Provided data:
== Segment start ==
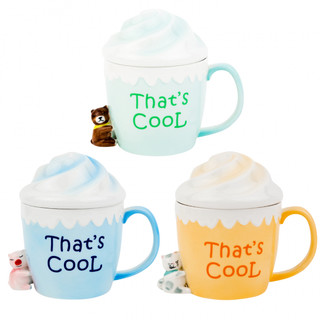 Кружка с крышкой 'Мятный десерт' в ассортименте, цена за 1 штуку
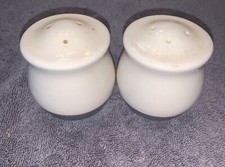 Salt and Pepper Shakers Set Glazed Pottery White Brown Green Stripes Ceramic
== Segment end ==
== Segment start ==
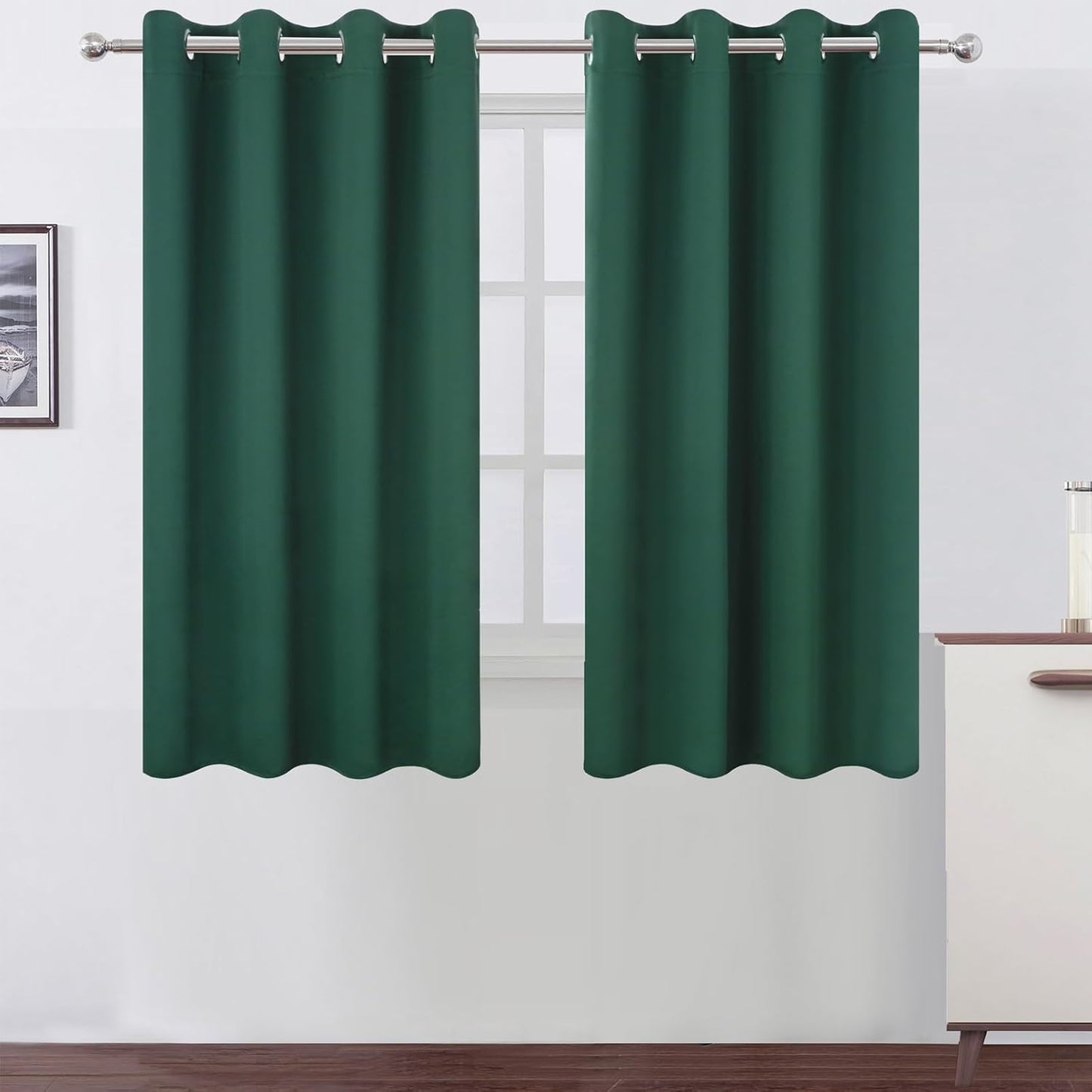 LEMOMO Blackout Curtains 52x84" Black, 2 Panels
== Segment end ==
What the task asks:
Copy the entries above exactly, but only the stretch from the line containing "Кружка с крышкой" through the line containing "Salt and Pepper". Keep both end lines; drop the pictures.

Reply to the exercise:
 Кружка с крышкой 'Мятный десерт' в ассортименте, цена за 1 штуку
 Salt and Pepper Shakers Set Glazed Pottery White Brown Green Stripes Ceramic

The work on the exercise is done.